Invisible Oriole

Invisible Oriole

OC grad enjoys behind-the-scenes success in big leagues

“Ronnie is as good as they come at doing the job he does.”

Ronnie Deck pulls a Baltimore Orioles jersey over his head and straps on his shin guards every afternoon.

The 1998 OC graduate is always one of the first guys on the field at Camden Yards. He gets heckled by opposing fans just like anyone else.

Inside the clubhouse, Deck’s efforts don’t go unnoticed. The Orioles see the contributions of their generous bullpen catcher, his 10-hour days at the ballpark, and how he works hard behind the scenes. 

“A lot of people say this is a job they’d love to have, but it’s a blue-collar job,” Deck said. “I come here to sweat every day.”

Much of the bullpen catcher’s work comes when players are getting their minds and bodies ready before the first pitch.

“Ronnie is as good as they come at doing the job he does,” said Orioles starting pitcher Jeremy Guthrie.

Deck tosses the ball around with pitchers and gives them quality feedback on their deliveries and the movement of their pitches. He throws pitches during batting practice and helps hitters in the cage.

“He’s always doing something to help somebody and he’s always happy, always in a good mood,” catcher Craig Tatum said.

Deck is at the intersection of staff, coach and player. He’s listed as a staff member on the team’s website, but Tatum said he looks at Deck as a coach and also as “just one of the guys.”

Deck’s road to Camden Yards wasn’t quite what he expected — but through persistence and a Single-A work ethic, he got there nonetheless.

“It’s probably the prototype trial-and-error career,” he said. “I didn’t have a fast track to professional baseball. I feel like I have a lot to offer (the younger players) with my journey.”

After earning all-conference and NAIA Scholar-Athlete honors in both 1997 and 1998 at Oklahoma Christian, Deck spent three years in independent leagues (teams without affiliations to major-league organizations) before signing with Tampa Bay.

Over two years, he played at five different levels in the Rays’ minor-league system. After two more years of independent baseball, Deck bailed on the dusty motels and his major-league hopes.

“I saw that the window was closing so I decided to get into coaching,” he said.

Deck worked as a coach for a Division III university in Atlanta, a junior college in Colorado and a Frontier League team in Illinois before getting a call in 2007 from then Orioles manager Dave Trembley, who had received a recommendation from one of Deck’s former managers.

He appreciates his bond with the players, but professional responsibilities come first.
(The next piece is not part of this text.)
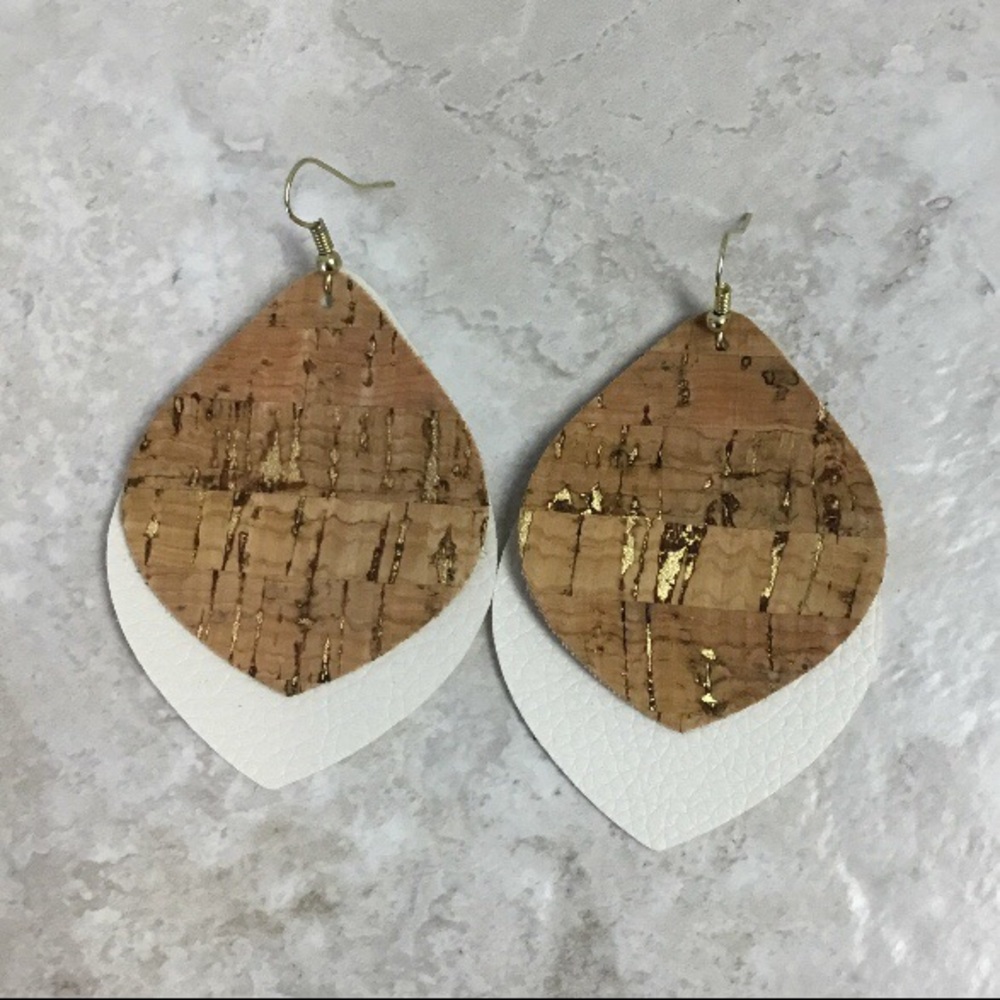 White and Cork Earrings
All he can do is continue to support and assist the players.

“I come in and keep my mouth shut – unless there’s a football discussion going on – and let the guys know I’m here to work and be available for whatever they need,” Deck said.

Alone in public, Deck goes unnoticed. But like the rest of the Orioles, Deck is treated to the perks of a VIP lifestyle. First-rate dining. Four- and five-star hotels. No lines at the airport as the jet-setting Orioles head from city to city.

The biggest difference is the salary. Deck said he has a comfortable living (he lives in Ellicott City and is unmarried), but didn’t want to elaborate.

“I don’t want to dwell on that,” he said. “I just want to soak it in – these stadiums, the fans, the big-league food. This is an unreal opportunity. I just want to enjoy every day in the big leagues, work as hard as I can and let that take me where it may.”